The flat midfield meant that when Fagundez ranged forward, it wasn’t at the expense of bodies in the center of the park.
The change had a similar effect on Nguyen, who would rather not have to defend anyway. By making him more of a deep-lying striker with four behind him, when Nguyen floated around in the attacking third, it wasn’t at the expense of the midfield’s defensive shape.
If you dissect when Columbus was able to create its chances, the lines become clear. CCSC finished the game with 14 shots (five on target). Seven came in the first 20 minutes. Five came in the final 15 minutes.
That means that half of Crew SC’s shots came prior to New England settling in to its shifted shape, and nearly a third came when the Black & Gold needed to throw caution to the win and attempt to score, which leaves at least a good chunk of the credit to the effect of game state.
For the rest of the contest — the 55 minutes that were the meat of the sandwich — Columbus managed just two shots.
In that same period, the Revolution had seven of their nine shots, including their two goals.
Blue is Columbus, red is New England.
So forget possession. Crew SC maintained a possession advantage nearly the entire game. And yet even during 55 minutes of generally controlling the ball, CCSC was out-shot 7-2.
While Columbus started on the front foot, New England’s response changed the game.
(FWIW: It’s the second consecutive loss in which Crew SC’s opponent made a tactical shift in the first half.)
Track how players’ performances are trending. Who stood out for the good or the bad?
Waylon Francis — It’s clear that Gregg Berhalter has been pleased with how Francis filled in during a busy stretch, because he’s continued to roll with him and even has made comments about left back being an open battle between Francis and Jukka Raitala. This is the best we’ve seen of Francis in a long time, and he contributed on both halves of the field Sunday.
Hector Jimenez — Two weeks ago I actively praised Jimenez for his play. This game, however, he was exposed. Fagundez victimized him multiple times, and he appeared to be ball watching to some extent on both goals. I don’t think it was coincidence he was subbed off early in the second half.
Jonathan Mensah — After some “oof” moments against Montreal, Jonathan continued to leave fans questioning whether he is worth a DP tag. His distribution out of the back was much better than a week ago, but too many times he looked a little lost in his positioning, and he was caught in the middle on New England’s go-ahead goal. I’m still willing to give him time to figure things out, but this performance won’t have changed any minds.
Kekutah Manneh — Everyone has been champing at the bit to get Manneh in the lineup, and now he’s gotten two consecutive starts. This one, I thought, didn’t do him many favors. He did have one bright moment — his excellent turn and low cross to Ola Kamara that should have been a goal — but otherwise was nonexistent. There were some times I thought he was a little stagnant off the ball. Was his 61st-minute substitution just a factor of fitness (he didn’t go a full 90 minutes against Montreal either) or a look into what Berhalter thought of his impact on the field?

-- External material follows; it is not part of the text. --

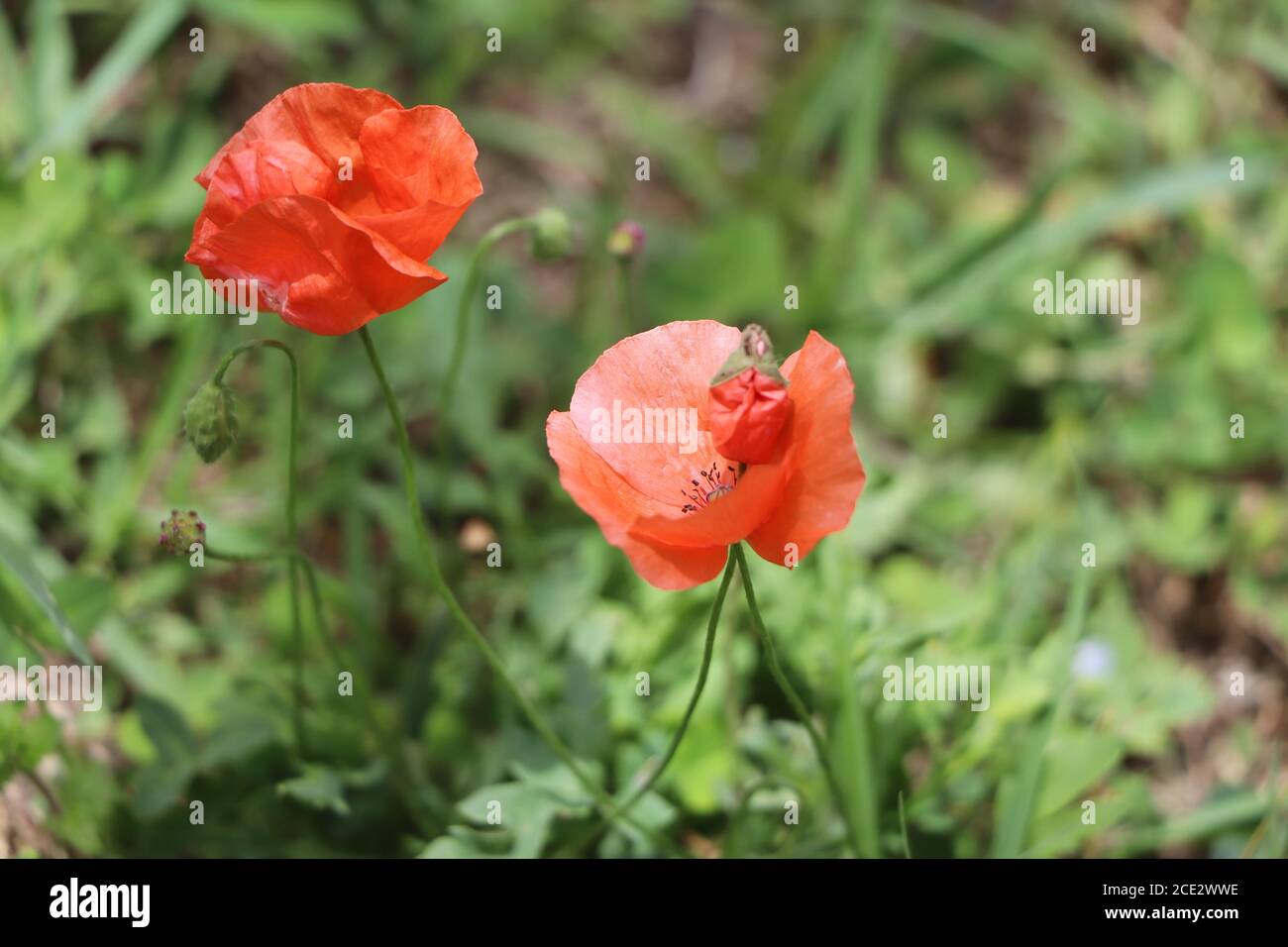 Coquelicots rouges dans le jardin Banque D'Images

Columbus at Toronto FC, Friday, 7 p.m. EST, at BMO Field
Again? These teams will meet for the second time in 16 days and the third time in six weeks, though it will be the last time the two rivals face off this season.
After splitting the previous two meetings, who will win this year’s Trillium Cup (if you care about those sorts of things)?

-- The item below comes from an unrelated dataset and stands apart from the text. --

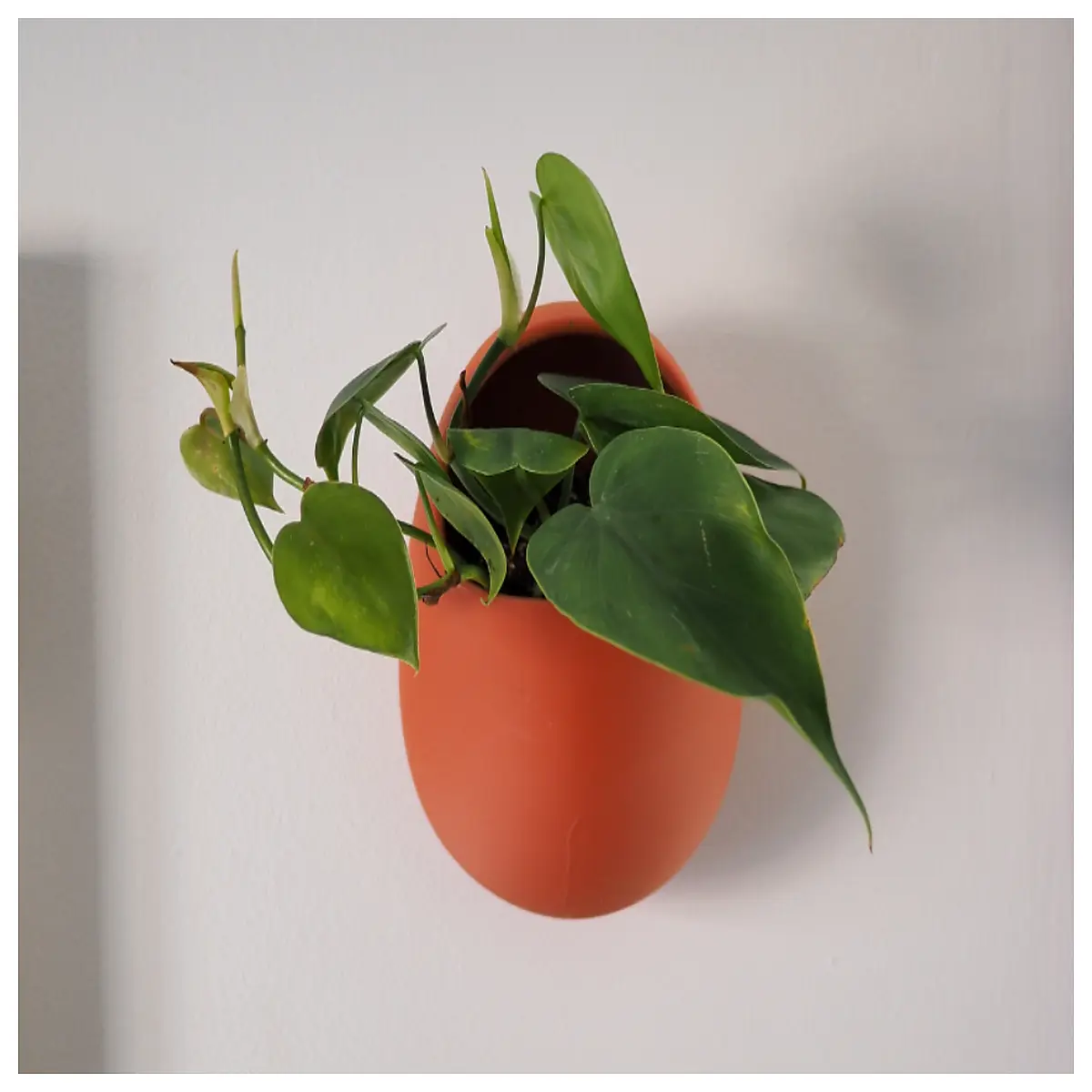 Retro Egg Shaped Hanging Flower Pot Indoor Wall Decoration Creative Planter Support Hanging Basket Holder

Toronto’s unprecedented six straight wins in 22 days came to an end when the Reds settled for a 1-1 draw on the road at New York Red Bulls on Friday. But TFC remains unbeaten in seven games and sits atop the Eastern Conference.
Columbus won the first meeting, 2-1, but then dropped the last one by the same score, conceding a pair of second-half goals to Tosaint Ricketts.
That game stood out for CCSC, as it played with a three-man back line, featured some player rotation for both teams and saw the Black & Gold without Gregg Berhalter on the sideline due to suspension.